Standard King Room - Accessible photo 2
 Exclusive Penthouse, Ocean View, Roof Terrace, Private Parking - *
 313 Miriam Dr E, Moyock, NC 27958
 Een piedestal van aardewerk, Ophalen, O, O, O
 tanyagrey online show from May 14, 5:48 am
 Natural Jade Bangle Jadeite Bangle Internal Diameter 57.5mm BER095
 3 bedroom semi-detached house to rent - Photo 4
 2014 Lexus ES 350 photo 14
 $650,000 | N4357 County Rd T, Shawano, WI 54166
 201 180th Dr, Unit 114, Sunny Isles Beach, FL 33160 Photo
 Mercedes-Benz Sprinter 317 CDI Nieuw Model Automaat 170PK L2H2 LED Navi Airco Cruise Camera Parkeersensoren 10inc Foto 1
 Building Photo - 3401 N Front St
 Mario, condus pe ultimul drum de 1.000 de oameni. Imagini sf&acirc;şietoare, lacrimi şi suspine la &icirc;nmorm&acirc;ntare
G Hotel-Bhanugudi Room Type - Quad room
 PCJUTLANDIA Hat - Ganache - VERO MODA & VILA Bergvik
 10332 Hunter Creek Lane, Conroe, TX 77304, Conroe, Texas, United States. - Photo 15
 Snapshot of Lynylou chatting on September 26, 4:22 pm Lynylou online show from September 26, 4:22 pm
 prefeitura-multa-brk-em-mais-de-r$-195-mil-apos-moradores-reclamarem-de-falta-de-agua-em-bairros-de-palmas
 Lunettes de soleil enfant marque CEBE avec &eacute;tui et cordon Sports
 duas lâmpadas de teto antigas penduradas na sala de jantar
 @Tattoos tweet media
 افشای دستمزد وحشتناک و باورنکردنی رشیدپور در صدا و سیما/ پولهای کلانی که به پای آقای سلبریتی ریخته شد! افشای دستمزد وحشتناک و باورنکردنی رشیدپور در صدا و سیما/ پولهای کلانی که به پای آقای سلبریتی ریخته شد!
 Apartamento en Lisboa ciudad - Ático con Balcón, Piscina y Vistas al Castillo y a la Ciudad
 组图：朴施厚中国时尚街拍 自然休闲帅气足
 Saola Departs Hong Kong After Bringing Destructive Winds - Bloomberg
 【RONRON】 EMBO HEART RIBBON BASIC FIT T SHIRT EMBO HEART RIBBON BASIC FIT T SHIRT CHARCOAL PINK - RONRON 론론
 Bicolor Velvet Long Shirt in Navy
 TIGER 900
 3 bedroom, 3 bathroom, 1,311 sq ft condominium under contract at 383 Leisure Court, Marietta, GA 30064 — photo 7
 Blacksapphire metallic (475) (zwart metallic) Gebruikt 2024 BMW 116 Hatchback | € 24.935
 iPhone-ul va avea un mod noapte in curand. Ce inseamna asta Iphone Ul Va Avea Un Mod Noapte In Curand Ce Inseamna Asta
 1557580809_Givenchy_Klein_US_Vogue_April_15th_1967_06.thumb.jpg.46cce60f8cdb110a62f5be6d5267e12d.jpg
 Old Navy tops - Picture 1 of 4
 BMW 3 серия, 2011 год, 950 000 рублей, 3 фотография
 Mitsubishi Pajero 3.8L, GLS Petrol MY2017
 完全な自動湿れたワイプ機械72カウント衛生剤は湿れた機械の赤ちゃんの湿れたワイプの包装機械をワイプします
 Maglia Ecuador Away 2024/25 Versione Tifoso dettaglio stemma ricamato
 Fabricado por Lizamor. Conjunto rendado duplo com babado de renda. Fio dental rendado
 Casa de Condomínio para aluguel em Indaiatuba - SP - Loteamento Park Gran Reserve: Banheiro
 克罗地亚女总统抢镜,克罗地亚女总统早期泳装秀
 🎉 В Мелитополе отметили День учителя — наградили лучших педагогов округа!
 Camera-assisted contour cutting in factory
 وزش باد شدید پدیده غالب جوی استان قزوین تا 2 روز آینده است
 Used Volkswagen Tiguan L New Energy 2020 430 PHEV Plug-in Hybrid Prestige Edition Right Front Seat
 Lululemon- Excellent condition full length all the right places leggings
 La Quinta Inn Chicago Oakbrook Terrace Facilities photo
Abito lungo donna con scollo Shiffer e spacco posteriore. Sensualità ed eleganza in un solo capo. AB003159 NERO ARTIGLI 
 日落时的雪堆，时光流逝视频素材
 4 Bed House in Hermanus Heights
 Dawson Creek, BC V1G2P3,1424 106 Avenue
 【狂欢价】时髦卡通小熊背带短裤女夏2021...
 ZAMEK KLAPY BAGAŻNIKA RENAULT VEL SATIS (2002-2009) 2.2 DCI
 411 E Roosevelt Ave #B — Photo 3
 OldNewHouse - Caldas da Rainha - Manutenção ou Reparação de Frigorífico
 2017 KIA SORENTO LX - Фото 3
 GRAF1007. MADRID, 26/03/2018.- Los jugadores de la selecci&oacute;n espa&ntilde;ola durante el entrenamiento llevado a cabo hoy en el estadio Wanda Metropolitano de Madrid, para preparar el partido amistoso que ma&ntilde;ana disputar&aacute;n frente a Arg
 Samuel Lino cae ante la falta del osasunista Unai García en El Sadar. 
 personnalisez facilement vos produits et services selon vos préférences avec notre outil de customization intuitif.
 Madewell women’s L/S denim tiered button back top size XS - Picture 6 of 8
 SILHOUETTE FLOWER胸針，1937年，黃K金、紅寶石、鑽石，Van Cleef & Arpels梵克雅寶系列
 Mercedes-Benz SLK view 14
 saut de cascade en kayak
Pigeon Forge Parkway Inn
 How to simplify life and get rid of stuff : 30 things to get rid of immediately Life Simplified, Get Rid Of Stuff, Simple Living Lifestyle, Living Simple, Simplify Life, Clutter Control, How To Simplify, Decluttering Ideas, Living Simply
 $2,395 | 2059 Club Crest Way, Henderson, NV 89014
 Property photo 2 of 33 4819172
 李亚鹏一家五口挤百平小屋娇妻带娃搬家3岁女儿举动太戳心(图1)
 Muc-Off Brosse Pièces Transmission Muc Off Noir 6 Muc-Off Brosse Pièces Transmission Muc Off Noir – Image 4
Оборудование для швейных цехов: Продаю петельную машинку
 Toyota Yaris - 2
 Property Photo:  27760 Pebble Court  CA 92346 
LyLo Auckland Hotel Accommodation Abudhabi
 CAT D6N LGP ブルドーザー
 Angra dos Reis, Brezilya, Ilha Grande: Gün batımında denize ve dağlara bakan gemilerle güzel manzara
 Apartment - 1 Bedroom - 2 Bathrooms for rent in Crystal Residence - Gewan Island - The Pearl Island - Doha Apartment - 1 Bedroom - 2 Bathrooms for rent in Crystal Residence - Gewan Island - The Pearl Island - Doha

> **What this task involves**
For the string "Creek", show each line of the entries above where it occurs.

> **Answer to this problem**
 10332 Hunter Creek Lane, Conroe, TX 77304, Conroe, Texas, United States. - Photo 15
 Dawson Creek, BC V1G2P3,1424 106 Avenue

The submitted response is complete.